The following day, Gi-hun goes looking for his ex-wife in the hope that she would be willing to help him. But it’s her new husband that offers him the money with the condition that he never comes looking for his daughter again. Gi-hun punches the man and throws the money at him, running off after he realizes Ga-yeong (Cho Ah-in) is at the doorstep looking sadly at her dad.

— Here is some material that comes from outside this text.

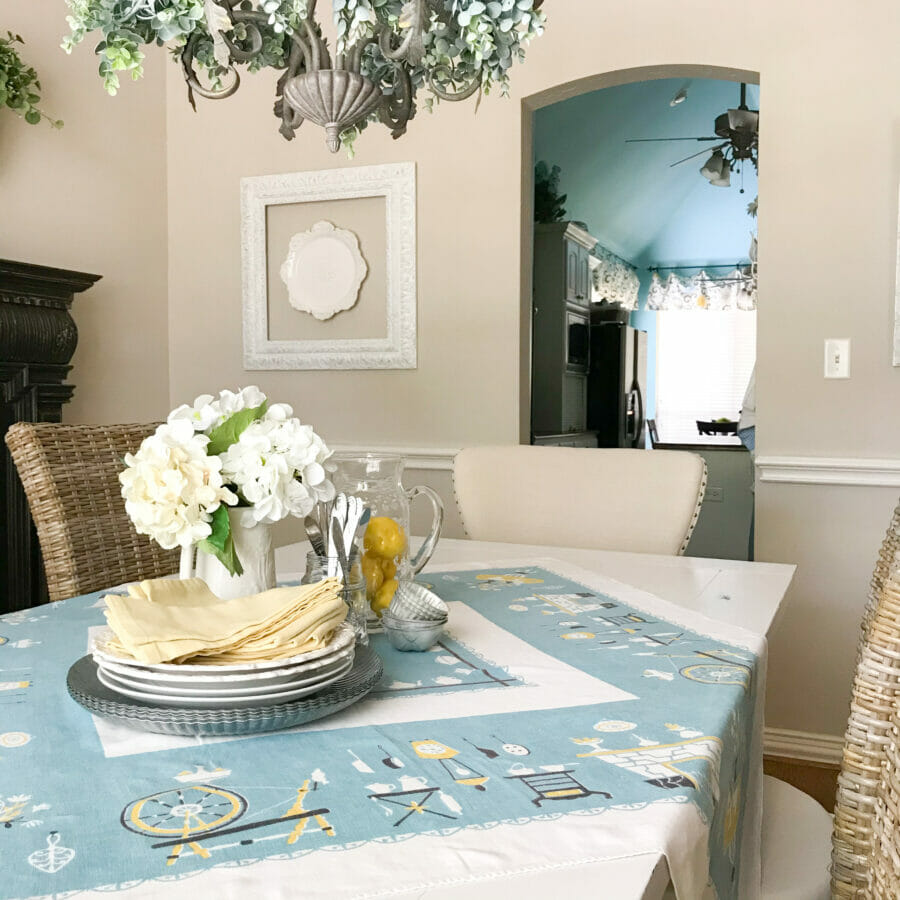Everyday Summer Dining Room with vintage blue tablecloth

When he gets home, he’s approached by a cop that briefly saw him at the police station. The officer introduces himself as Jun-ho (Wi Ha-joon) and explains that he’s looking for his missing brother, who had a card very similar to the one Gi-hun had at the police station in his possessions. Gi-hun refuses to help and, before going inside, sees the card caught between the door and the doorframe.

A still from Squid Game
Image via Netflix

The final scene of “Hell” is a montage of Gi-hun, Sae-byeok, Sang-woo, Ali, Deok-su, and player 001 waiting on the street at night, entering the cars that we now know are taking them to the game station, one of them followed closely by Jun-ho. It’s an interesting scene that suggests there’s some level of identification between those characters, given that they are all broke and desperate, but that they’re also interchangeable to an extent, at least in the eyes of the game masters. In the arena, there is no Gi-hun or Sae-byeok, only numbers, and which number will win doesn’t really matter. To give up their individuality in such a way is a choice all of them made completely by themselves. But was there really a choice?